I'm confused, where is the other 5MM BTU/hr of steam going??? I'm just guessing that a lot of the steam is not condensing and its got to be going out with the condensate before giving up its energy...I imagine if I had a 5MM BTU/hr leak this is something that would be pretty apparent. What is a typical range of efficiency of a fin/tube heat exchanger with air on the fins and steam on the tubes? Wheres it going?

Thanks

 

[zdas04]

You've got a given mass flow rate of steam at a fixed pressure, temperature, and enthalpy coming in. The continuity equation would say that you have the same mass flow rate of fluid (some mix of steam and condensate) at a different pressure, temperature, and enthalpy going out. These numbers can be very precisely determined without a huge amount of uncertainty. If that calculation works out to 10 MMBTU and you've gotten the steam quality right in your outlet enthalpy (not an easy determination, but let's say you got it right), then the missing energy either went into the air stream or leaked out into some heat sink that you are not measuring. That is what "efficiency" means in a heat exchanger--the amount of heat lost from the heating stream divided into the amount of heat added to the heated stream.

At 100% efficiency (i.e., zero heat leakage), you are actually adding 10 MMBTU to the air. Sources of error on the air side are huge. We don't very often have air-flow measurement much better than +/-20%. We measure wall temperature and assume that it is representative (it rarely is). We don't measure the pressure on the air stream at the heater (makes a significant difference). We rarely account for the humidity of the air properly. Does all that add up to 50%? Very possibly.

David Simpson, PE
MuleShoe Engineering

"Belief" is the acceptance of an hypotheses in the absence of data.
"Prejudice" is having an opinion not supported by the preponderance of the data.
"Knowledge" is only found through the accumulation and analysis of data.
The plural of anecdote is not "data"

 

[tbaygen]

Interesting thoughts.
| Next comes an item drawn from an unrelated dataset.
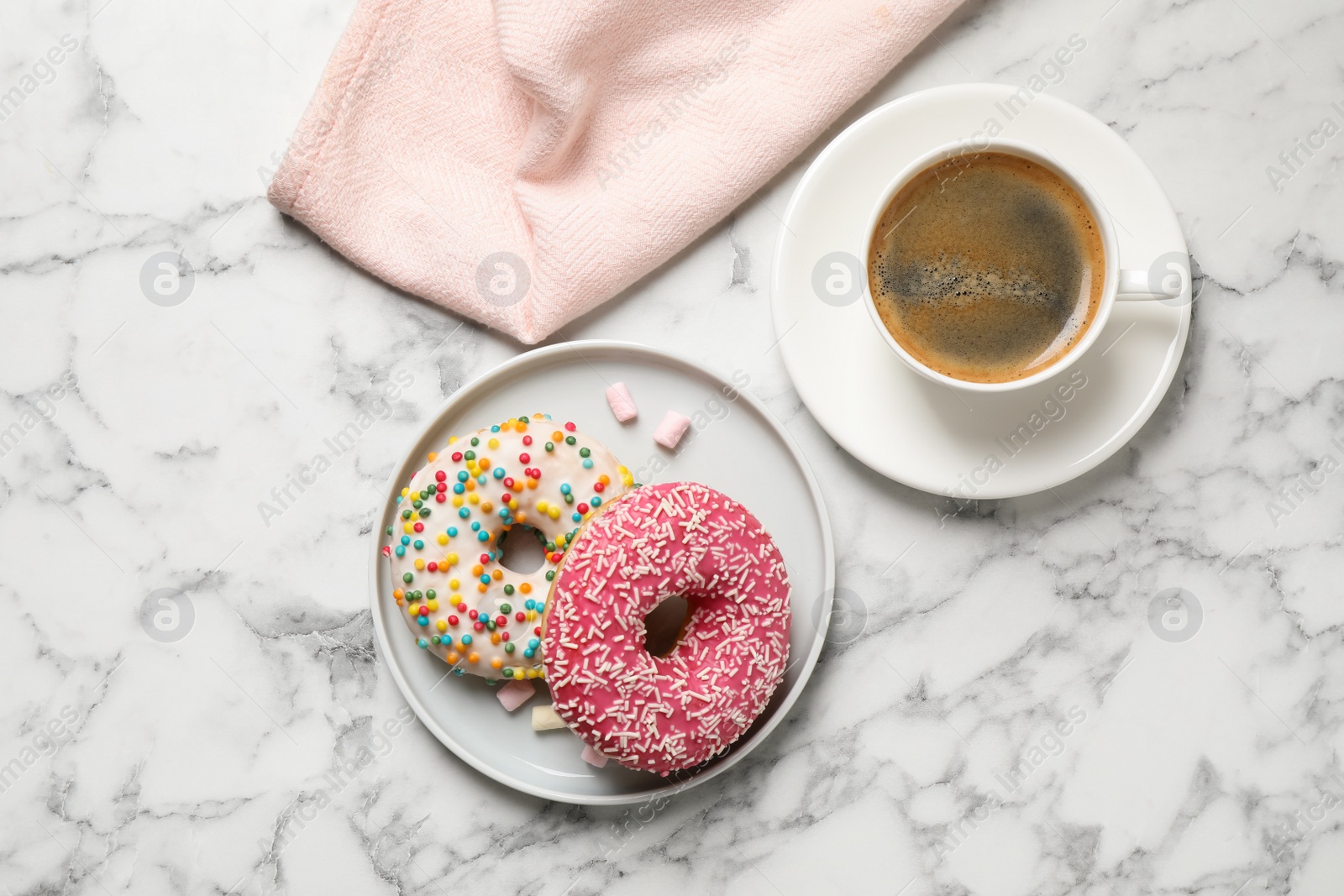 Photo of Yummy donuts with sprinkles and coffee on white marble table, flat lay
One adder to this is that I do see a resin (plastics) carryover into this heater box causing fouling on the heater coil. This could be part of the heat sink effect. Second I used the static pressure and fan curve to estimate the quantity CFM of air based on the fan curves.

I wonder if what your saying about the air flow measurement being +/- 20% is playing a big role here. This is something that could be verified with a pitot tube, yes?

 

[zdas04]

Are the fan curves adjusted for your elevation? Humidity? Inlet temperature? Some are, some are not. Are your fan blades in pristine condition? Do the belts ever slip? Do you have exactly the right sized sheaves? Are you assuming an rpm or reading one (line voltage has an acceptable range, the power factor on the motor has an acceptable range, if both are at the end of their range that maximizes rpm then you may be 10% more rpm than you expect). A properly calibrated and properly installed pitot tube would give you much better flow rates than your fan curve.

Fouling of the heater core does not affect the calculation that I would be doing for your problem. The fouling will simply require more mass flow for the same dS. You have calculated a dS and that calculation does not include any insulating effects within the heat exchanger, it is simply inlet enthalpy minus outlet enthalpy times mass flow rate.

David Simpson, PE
MuleShoe Engineering

"Belief" is the acceptance of an hypotheses in the absence of data.
"Prejudice" is having an opinion not supported by the preponderance of the data.
"Knowledge" is only found through the accumulation and analysis of data.
The plural of anecdote is not "data"

 

[LittleInch]

Tbaygen, its been many years since I looked at stream tables, but as zdas04 says, the net stream heat input is enthalpy in minus enthalpy out. I don't know what you're using to measure your energy in, but a flow controller and pressure would seem to give you energy in, but no temperature pressure or steam and condensate flow out. That will add up to a lot of energy, but how are you measuring it?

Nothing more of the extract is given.